Each item card on a pinboard is also customizable. You can add your own title, brief description, and a custom image to go with it. Else, the URL you add will automatically pick the web preview, with the default article image in tow. 

As you add custom descriptions, the size of the cards is dynamically adjusted. It may start to look a bit haphazard, but there’s a beautiful reprieve available. Instead of using the default and dense formats for arranging the cards, I went with the Spacious template.

This one stacks all the cards on a pinboard vertically, like a social media feed. This layout also gives more horizontal space to each card, like a news feed with large thumbnails. I prefer the vertically scrolling format a lot more than the side-by-side stacking of the item cards. 

You can customize each pinboard with its own wallpaper to suit the theme, copy entire boards, and move around the cards using a simple drag and drop. You can even adjust the layout of the pinboards, just the way you adjust the appearance of the cards. 

What I like the most about Opera’s pinboards is that not only do they sync across devices, but they can also be shared. As soon as you flick the share toggle, a custom URL is generated that you can share with any person in a view-only format. 

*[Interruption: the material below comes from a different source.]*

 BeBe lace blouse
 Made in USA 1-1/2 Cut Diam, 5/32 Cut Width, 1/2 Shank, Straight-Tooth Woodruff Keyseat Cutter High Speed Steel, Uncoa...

The recipient can see the pinboards in any browser of their choice, just the way they were created in Opera. Moreover, you don’t need to go through any login or access requirements in order to see pinboards shared by another person. 

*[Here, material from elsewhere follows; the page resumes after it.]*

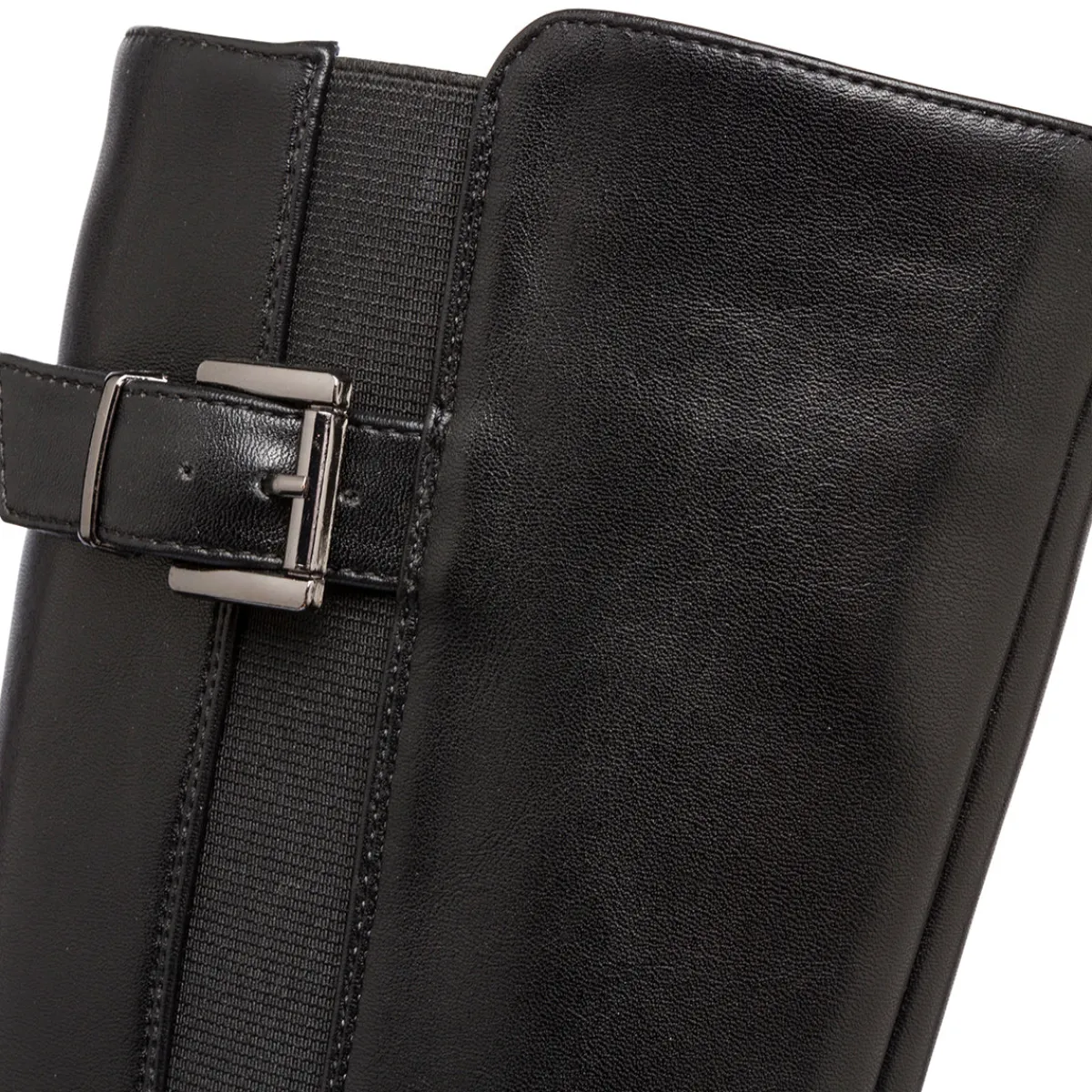 Hot Stivali alti neri da Donna con fibbia Donna Stivali Donna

Collections in Microsoft Edge 

To get work done across my tablet and desktop, I save all my ideas, research materials, and quick access tools in their dedicated Opera pinboards. Whenever I am on the move, I simply AirDrop the pinboard links across my devices and proceed with my workflow across any device of my choice. 

Microsoft’s Edge browser is not too far behind. In Edge, you get a dedicated system called Collections. Unlike Opera, which opens Pinboards in a dedicated tab, Edge opens Collections in a side panel on the right edge of the screen, which is less intrusive and more convenient.

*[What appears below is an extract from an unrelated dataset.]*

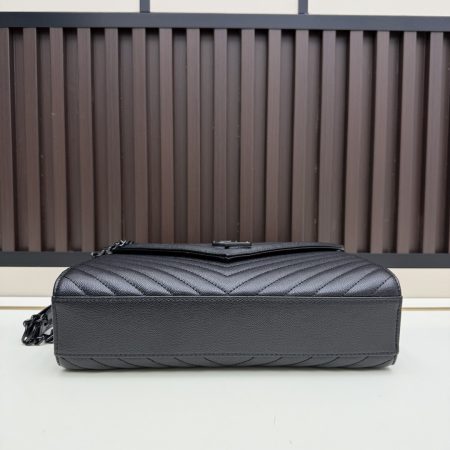 YSL Caviar Black Quilted Handbag - Image 10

In order to add a page to a specific collection, you simply open it in the sidebar using a keyboard shortcut and hit the “Add current page” button at the top. You don’t have to go through the hassle of copying and pasting the URL. Unlike Opera, however, you can’t import all the active tabs together. 

Edge, however, offers its own set of perks. With a single click, you can open all the links in a single collection across different tabs, or in an entirely different window. For extra privacy, Edge also offers a one-click route to opening all these links in incognito mode.

Another neat facility is that with a single click, you can also copy all the items in a collection to the native clipboard. The items are copied just as they appear in the side panel. That includes the headlines, source names, URL hyperlink, and the thumbnail, as well. 

You can even add custom notes atop each collection for future reference. Collections in Edge are synced across all your devices, as long as you are signed in with your Microsoft account. Another crucial benefit is that Edge seamlessly integrates Copilot, opening the doors for Deep Research queries. 

This feature has saved me on a handful of occasions where I lost my tab groups and couldn’t recover them. In Safari, the only recourse available to me was digging into the history and going through the tedious process of recovering one tab at a time. 

For carrying my work across different platforms and devices, Collections and Pinboards serve as a fantastic path to catalog my research and resume the work at my own pace. I wish Safari offered a similar perk, and until that happens, I am not returning to Apple’s browser for my day-to-day work.